Rajoy’s People’s Party claimed 41 of the 75 seats in Galicia’s regional assembly while his main rivals at national level, the Socialists, suffered losses, according to data released by the local administration. In a separate election in the Basque Country, the PP held on to nine of its 10 seats, making the party a player in the horse-trading that will be required to approve a budget.
Rajoy is struggling to piece together a majority in the Spanish Parliament after losing his majority in December. In a confidence vote in parliament this month, the PP leader was six votes short of taking office. If lawmakers fail to choose a prime minister by the end of October the country will be headed for an unprecedented third election in a year.
Sunday’s victory in Galicia, the PP’s traditional stronghold, will strengthen Rajoy’s authority within his party, while his result in the Basque region will give him leverage in negotiations to form a government in Madrid -- Rajoy could, in theory, give Basque leader Inigo Urkullu a majority in his regional assembly in exchange for the Nationalists’ five votes in the Spanish parliament.
“The People’s Party is willing to talk to anyone who has a project for our country,” PP Secretary General Maria Dolores de Cospedal said on Sunday night, when asked about the prospect of talks with the Basques. “We can talk to the Basque Nationalists or with any other party, so long as they respect the rule of law.”
Discontent in the aftermath of the economic crisis and a wave of corruption turned many voters toward new parties -- the anti-establishment group Podemos and the liberals of Ciudadanos. With nationalist groups like the Basques and Catalans holding onto another handful of seats, no one has been able to form a majority, even after a repeat vote on June 26.

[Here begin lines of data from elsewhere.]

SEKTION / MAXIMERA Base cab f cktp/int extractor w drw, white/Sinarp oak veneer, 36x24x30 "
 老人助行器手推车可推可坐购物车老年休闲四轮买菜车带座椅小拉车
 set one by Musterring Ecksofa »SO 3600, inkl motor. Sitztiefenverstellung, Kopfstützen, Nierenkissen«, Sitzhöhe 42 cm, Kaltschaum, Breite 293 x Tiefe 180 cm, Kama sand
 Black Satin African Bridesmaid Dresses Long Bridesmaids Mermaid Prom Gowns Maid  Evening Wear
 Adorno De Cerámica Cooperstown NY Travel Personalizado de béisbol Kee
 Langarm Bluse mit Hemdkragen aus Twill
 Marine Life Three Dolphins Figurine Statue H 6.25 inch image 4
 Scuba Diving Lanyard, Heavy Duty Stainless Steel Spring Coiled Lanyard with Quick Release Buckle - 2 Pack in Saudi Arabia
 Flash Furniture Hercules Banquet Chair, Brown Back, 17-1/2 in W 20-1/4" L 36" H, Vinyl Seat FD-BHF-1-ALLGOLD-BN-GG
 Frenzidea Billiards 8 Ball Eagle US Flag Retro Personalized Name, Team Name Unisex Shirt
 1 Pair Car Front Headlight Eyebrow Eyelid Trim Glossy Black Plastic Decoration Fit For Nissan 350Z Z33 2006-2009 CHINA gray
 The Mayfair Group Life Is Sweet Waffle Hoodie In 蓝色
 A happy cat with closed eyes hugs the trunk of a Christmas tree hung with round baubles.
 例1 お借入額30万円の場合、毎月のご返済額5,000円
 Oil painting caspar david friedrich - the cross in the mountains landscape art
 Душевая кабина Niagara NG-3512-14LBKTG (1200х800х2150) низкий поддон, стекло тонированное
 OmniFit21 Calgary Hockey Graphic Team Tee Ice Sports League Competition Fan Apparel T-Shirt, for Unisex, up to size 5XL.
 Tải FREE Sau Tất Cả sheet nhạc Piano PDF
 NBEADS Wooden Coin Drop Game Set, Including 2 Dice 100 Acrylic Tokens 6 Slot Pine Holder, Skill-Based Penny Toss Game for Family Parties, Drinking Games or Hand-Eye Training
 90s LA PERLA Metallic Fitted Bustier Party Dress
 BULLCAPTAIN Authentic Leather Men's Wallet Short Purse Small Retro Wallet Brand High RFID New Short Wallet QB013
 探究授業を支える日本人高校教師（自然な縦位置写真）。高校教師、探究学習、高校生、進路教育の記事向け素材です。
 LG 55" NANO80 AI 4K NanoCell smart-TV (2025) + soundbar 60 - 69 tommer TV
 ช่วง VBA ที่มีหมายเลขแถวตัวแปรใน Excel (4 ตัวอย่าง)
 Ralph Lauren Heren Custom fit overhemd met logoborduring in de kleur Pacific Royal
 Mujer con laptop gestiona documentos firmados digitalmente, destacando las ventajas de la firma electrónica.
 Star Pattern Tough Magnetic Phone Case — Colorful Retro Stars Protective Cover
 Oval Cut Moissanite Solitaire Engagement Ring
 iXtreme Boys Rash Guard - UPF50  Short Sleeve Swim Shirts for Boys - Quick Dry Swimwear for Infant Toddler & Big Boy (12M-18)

Socialist leader Pedro Sanchez is trying to persuade Podemos and Ciudadanos to form an anti-Rajoy majority in the national assembly, but his claim was damaged by losses on Sunday when his party was overtaken by Podemos, its main rival for left-wing voters, in both regions.
“It has been a negative result,” the Socialists’ head of party organization, Cesar Luena, said. “It was a very difficult campaign.”
Sanchez is under pressure from party elders and regional heavyweights to halt his efforts to lead his own majority and instead give Rajoy the abstentions that would let him take office.
In Galicia, Podemos’s local ally, En Marea, won more votes than the Socialists, though both parties got 14 seats. In the Basque Parliament, the Socialists fell to nine lawmakers from 16 in 2012 as Podemos claimed 11 seats in its first election in the region.
The Basque Leader Urkullu signaled he’s ready to negotiate with Rajoy and that he may seek further autonomy for his region as the price of his party’s support.
“The coming weeks will be a time for political dialogue,” Urkullu said Sunday night. “We’ll talk to all parties. Our goal is reaching the agreements needed to give the Basque government stability.”